The Church, the community of Jesus' disciples, continues his evangelizing mission. The Church is not identical with the kingdom, but cannot be separated from it. The Church is ... at the service of the kingdom (RM 20). It proclaims the Good News of the Kingdom through word and work, just as Jesus did. The goal of its proclamation is that people encounter Christ. Through this encounter they come to fullness of life.


The proclamation of the Kingdom involves communication. The Good News can be communicated in many different ways, as Paul VI noted in Evangelii Nuntiandi. A frequent means is verbal communication - preaching, catechizing, works of education, sharing the scriptures, theological reflection. Modern media provide a variety of instruments - radio, television, Internet, books, newspapers, magazines.


But proclamation also occurs in nonverbal ways. The sacraments and sacramentals play an essential role. The arts (painting, sculpture, music, dance, film, theater, and architecture) are other ways to communicate the message of Jesus.


People today put more trust in witnesses than in teachers, experience than in teaching, and in life and action than in theories (RM 42). Evangelization, a process which begins with proclamation, inaugurates a way of life in which the values of the Gospel are practiced. The message that is preached becomes a message that is lived, a way of life that gives witness to the Good News. The ways that the Gospel can be translated into Christian action are without limit. Works of charity, the struggle for justice, the promotion of human rights, community building, and projects for human development are only some of the possibilities.


Redemptoris Missio envisions three situations for carrying out the Church's evangelizing mission. The first is that of missions ad gentes. Strictly speaking, missions ad gentes are those in which the Gospel is preached to people who have never heard it. This is sometimes called primary evangelization. The second situation is evangelization in areas where the Christian community is already established, but needs nurturing. The final situation is that of peoples who have a long Christian tradition, but where many have never effectively been confronted by the Good News. In this third context, Pope John Paul II talks about the need for a new evangelization: new in its ardor, new in its methods, new in its expression. Redemptoris Missio, while describing these three different situations, also notes that, in practice, it is often difficult to maintain such clear distinctions.


Inculturation

Sensibility to culture and to inculturating the Gospel is an important priority for the Church. Pope Paul VI states in Evangelii Nuntiandi (EN 20): The split between the Gospel and culture is without a doubt the drama of our time, just as it was of other times. Culture is the context through which people understand the world. It includes a whole spectrum of ideas, beliefs, symbols and values that are shared by a people. Everything learned, including the message of the Gospel, is affected by it. People cannot be truly evangelized unless they are addressed within the context of their culture.

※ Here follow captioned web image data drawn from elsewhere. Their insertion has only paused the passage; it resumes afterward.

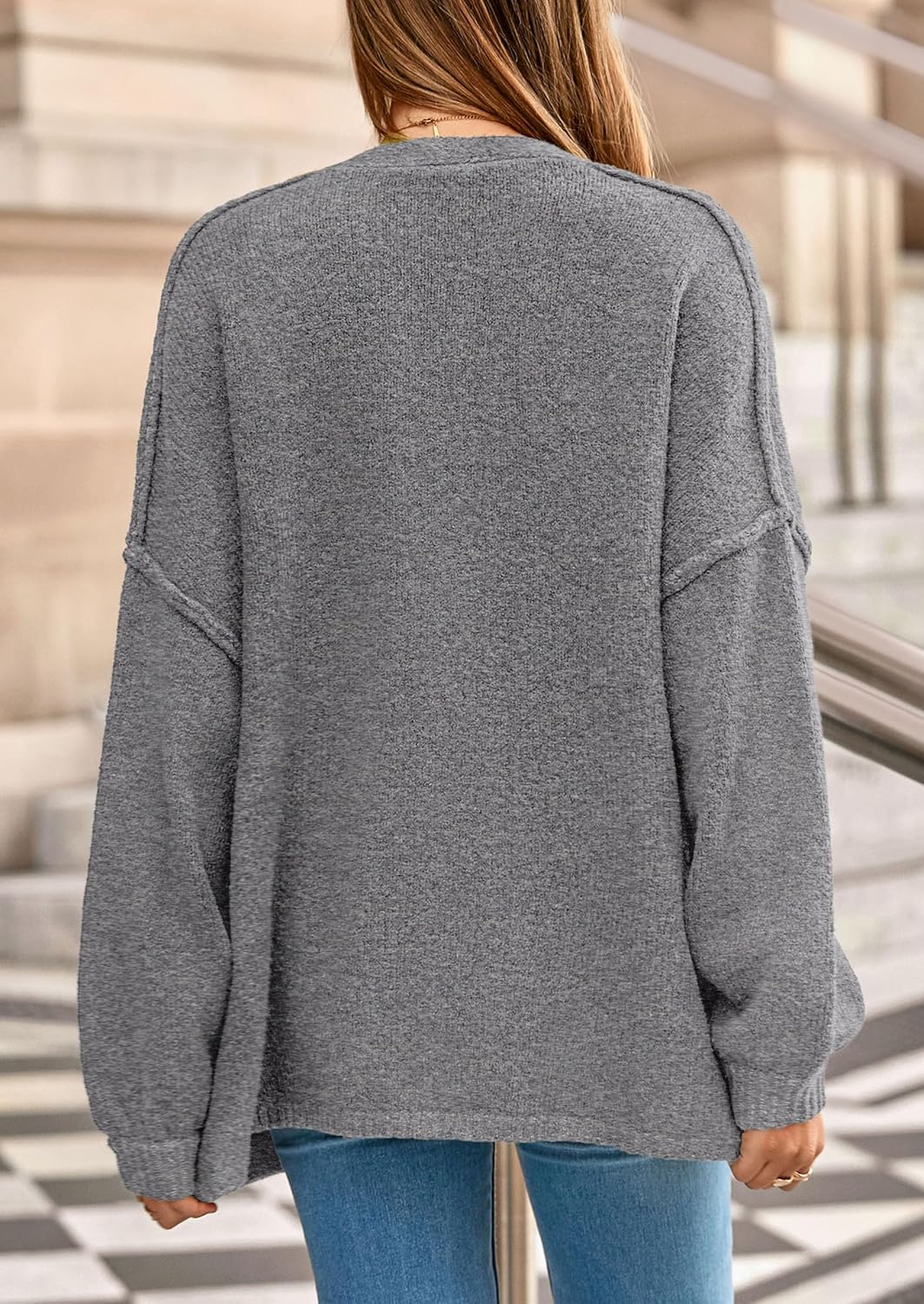 PRETTYGARDEN Fall Chunky Cardigan Sweaters for Women 2026 Button Long Lantern Sleeve Knit Oversized Coats with Pockets - Image 4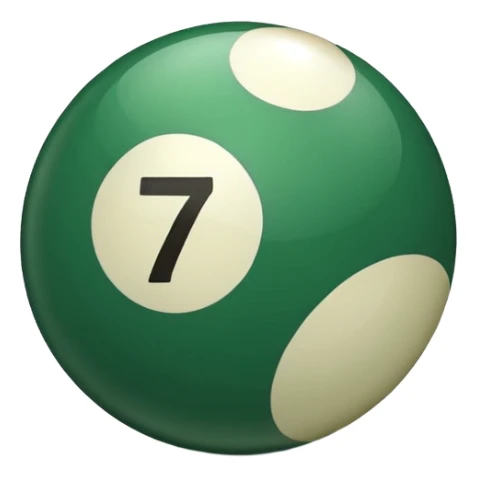 green billiard ball 7 number  sticker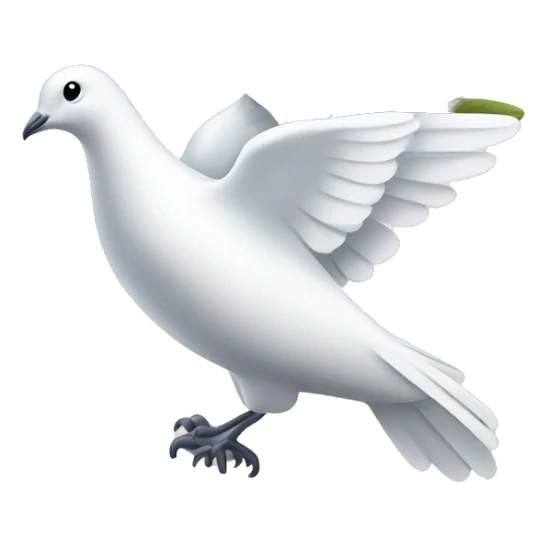 A white dove and an olive branch sticker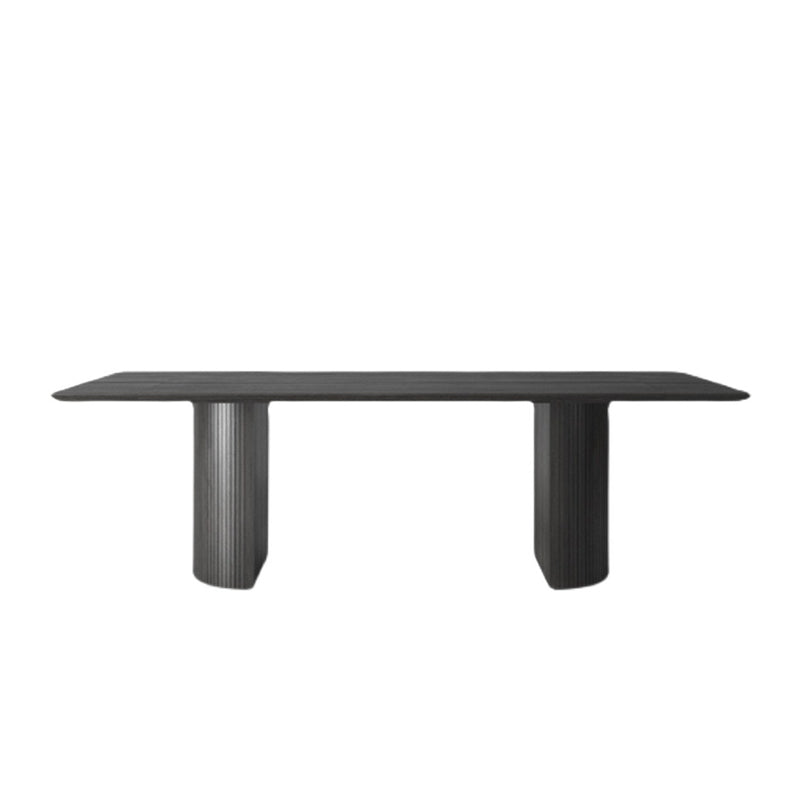 Table moderne en bois de pin pour restaurant, table de salle à manger noire avec double piédestal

The modern world has become more aware of cultural diversity. Cultures are not static, isolated entities. They change and develop. All cultures have values and disvalues. Cultures constantly come into contact with each other. These encounters can be mutually enriching, but can also be confrontational.

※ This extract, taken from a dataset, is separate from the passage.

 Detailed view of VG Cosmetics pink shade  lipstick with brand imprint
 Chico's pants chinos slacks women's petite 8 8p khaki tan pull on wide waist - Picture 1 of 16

The reality of cultural pluralism has influenced the new missionary paradigm. The Second Vatican Council stated that:


The Church, sent to all peoples of every time and place, is not bound exclusively and indissolubly to any race or nation, any particular way of life or any customary way of life recent or ancient. Faithful to her own tradition and at the same time conscious of her universal mission, she can enter into communion with the various civilizations, to their enrichment and the enrichment of the Church herself (Gaudium et Spes, 58).

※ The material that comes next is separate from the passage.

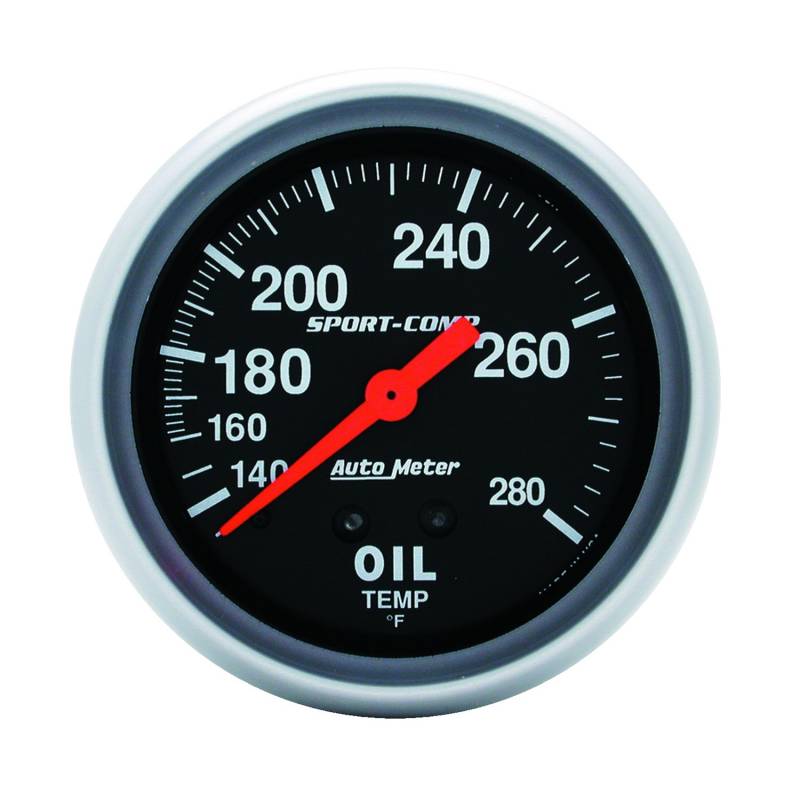 AutoMeter - AutoMeter GAUGE, OIL TEMP, 2 5/8" , 140-280 Degrees F, MECHANICAL, 12 FT., SPORT-COMP 3443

The difficulty for missionaries is that, although the Gospel is not identified with any particular culture, it is always communicated through the medium of culture. Missionary evangelization, therefore, always implies the meeting of cultures. At times missionaries have confused the Good News of Jesus with the way their culture has embodied Jesus' message. They imposed their culture along with the Gospel.


Today's missionary paradigm highlights the importance of communicating the Gospel in terms of the local culture. Pope Paul VI put it this way: What matters is to evangelize human culture and cultures (not in a purely decorative way as it were by applying a thin veneer, but in a vital way, in depth and right to their very roots), in the wide and rich sense which these terms have in Gaudium et Spes, always taking the person as one's starting-point and always coming back to relationships of people among themselves and with God (EN 20). In this way the Gospel permeates the culture and becomes incarnate in it. This creates a dynamism which enables God's Word to transform the culture by promoting values already present in it, while also questioning what is not of God within a culture and what violates the human person.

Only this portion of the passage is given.